WordCraft: Interactive Artistic Typography with Attention Awareness and Noise Blending
This work addresses the need for more interactive and flexible artistic typography tools for artists and designers, representing an incremental improvement over existing generative models.
The paper tackled the problem of limited interactivity in automated artistic typography by introducing WordCraft, a system that integrates diffusion models with a training-free regional attention mechanism and noise blending, enabling precise multi-region generation and continuous refinement for high-quality stylized typography across multiple languages.

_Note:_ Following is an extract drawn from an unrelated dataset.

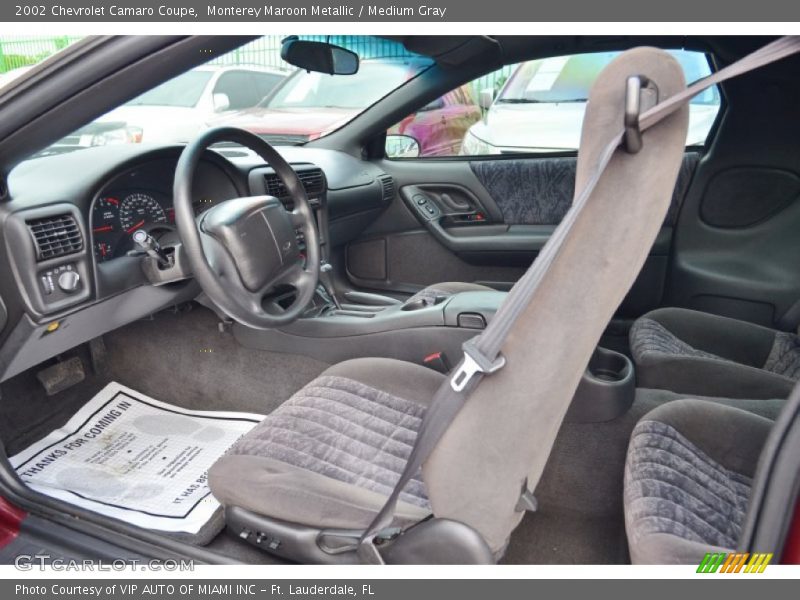 Monterey Maroon Metallic / Medium Gray 2002 Chevrolet Camaro Coupe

Artistic typography aims to stylize input characters with visual effects that are both creative and legible. Traditional approaches rely heavily on manual design, while recent generative models, particularly diffusion-based methods, have enabled automated character stylization. However, existing solutions remain limited in interactivity, lacking support for localized edits, iterative refinement, multi-character composition, and open-ended prompt interpretation. We introduce WordCraft, an interactive artistic typography system that integrates diffusion models to address these limitations. WordCraft features a training-free regional attention mechanism for precise, multi-region generation and a noise blending that supports continuous refinement without compromising visual quality. To support flexible, intent-driven generation, we incorporate a large language model to parse and structure both concrete and abstract user prompts. These components allow our framework to synthesize high-quality, stylized typography across single- and multi-character inputs across multiple languages, supporting diverse user-centered workflows. Our system significantly enhances interactivity in artistic typography synthesis, opening up creative possibilities for artists and designers.